There was a paradox to the lush spread of prairie and forest between the Sabine and the Trinity, a fatal charm peculiar to Southeast Texas. The thicket was desolate and hostile, but not the way West Texas is desolate and hostile, not in a clean, open way. Life was abundant here, but it was also tenuous and unforgiving. The desolation had reduced life, swallowed it in fact, until life was merely a faint shadow of death. It hung the way moss hung from ancient oaks, like malignant vestments at a black mass. Sluggish bayous teemed and slithered through the dense brush, and impenetrable walls of trees blocked out the sky. All the universe beyond this one damp spot appeared as a single ribbon of distant, diffused light. In its primal way the thicket was rich, and yet to the dismal procession of cowhands, log cutters, and roughnecks who cared up the wilderness, it had never promised much more than a hard life and a premature and sometimes ghastly death. The poet who called this God’s country had in mind a deity who was hellishly dark and brooding.

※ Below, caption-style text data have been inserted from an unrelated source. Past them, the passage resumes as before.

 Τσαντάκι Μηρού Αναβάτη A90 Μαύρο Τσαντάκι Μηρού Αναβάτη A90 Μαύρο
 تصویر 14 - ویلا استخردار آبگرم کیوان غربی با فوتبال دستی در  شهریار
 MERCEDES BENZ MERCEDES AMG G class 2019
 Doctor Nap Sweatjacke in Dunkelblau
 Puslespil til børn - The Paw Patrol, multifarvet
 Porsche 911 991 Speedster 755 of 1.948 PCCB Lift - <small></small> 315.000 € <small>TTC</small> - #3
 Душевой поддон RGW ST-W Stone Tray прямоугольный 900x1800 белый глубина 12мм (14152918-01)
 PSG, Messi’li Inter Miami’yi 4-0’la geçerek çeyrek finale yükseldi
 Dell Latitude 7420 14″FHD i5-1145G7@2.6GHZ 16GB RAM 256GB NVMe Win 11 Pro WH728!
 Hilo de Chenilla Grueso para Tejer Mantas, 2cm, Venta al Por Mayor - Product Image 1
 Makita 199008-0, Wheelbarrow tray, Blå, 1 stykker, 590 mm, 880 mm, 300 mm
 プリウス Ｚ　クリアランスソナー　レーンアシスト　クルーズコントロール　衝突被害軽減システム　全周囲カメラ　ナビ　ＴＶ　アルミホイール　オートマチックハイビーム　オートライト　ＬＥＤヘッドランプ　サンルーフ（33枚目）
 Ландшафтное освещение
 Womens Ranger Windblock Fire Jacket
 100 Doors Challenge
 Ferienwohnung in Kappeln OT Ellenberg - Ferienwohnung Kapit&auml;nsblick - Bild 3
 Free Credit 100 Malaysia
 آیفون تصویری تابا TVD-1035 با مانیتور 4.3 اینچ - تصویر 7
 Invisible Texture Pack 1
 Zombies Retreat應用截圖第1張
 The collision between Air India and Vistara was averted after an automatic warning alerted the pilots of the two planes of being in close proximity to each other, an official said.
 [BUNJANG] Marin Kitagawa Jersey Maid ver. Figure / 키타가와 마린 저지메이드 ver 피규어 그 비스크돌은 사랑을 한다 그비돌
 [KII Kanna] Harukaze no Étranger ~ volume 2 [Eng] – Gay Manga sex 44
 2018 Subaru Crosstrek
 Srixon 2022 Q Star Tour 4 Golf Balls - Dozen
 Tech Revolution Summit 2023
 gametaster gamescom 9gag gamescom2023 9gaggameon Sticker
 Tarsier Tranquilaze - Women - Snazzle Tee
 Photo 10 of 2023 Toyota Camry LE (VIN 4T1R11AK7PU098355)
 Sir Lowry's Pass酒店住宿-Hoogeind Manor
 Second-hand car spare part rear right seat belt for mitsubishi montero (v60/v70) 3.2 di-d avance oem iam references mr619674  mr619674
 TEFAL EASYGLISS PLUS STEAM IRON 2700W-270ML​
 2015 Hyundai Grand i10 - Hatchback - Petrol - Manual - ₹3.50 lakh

People said that ghosts lived back in the thicket, and there was no reason to doubt them. It smelled of ghosts and decay and superstition and fear of earthly illuminations. There was a seven-mile dirt cutoff called Ghostlight Road that started nowhere and ended nowhere. The past was always underfoot. Drillers in Daisetta or Batson occasionally dug up mummified heart pine boards, the remnants of board roads that once bridged the marshes between oil rigs and main highways. The old stagecoach road that ran from Nacogdoches to Liberty had mostly receded into the wilderness, but parts of it formed roadbeds for strips of U.S. 59 and Texas 146. In a tin shed in Batson a band wheel so ancient that hardly anyone alive remembered when it wasn’t there still turned almost inaudibly, pulling its broad cotton bands and working the connecting rods that pumped oil from a dozen shallow wells drilled around the turn of the century.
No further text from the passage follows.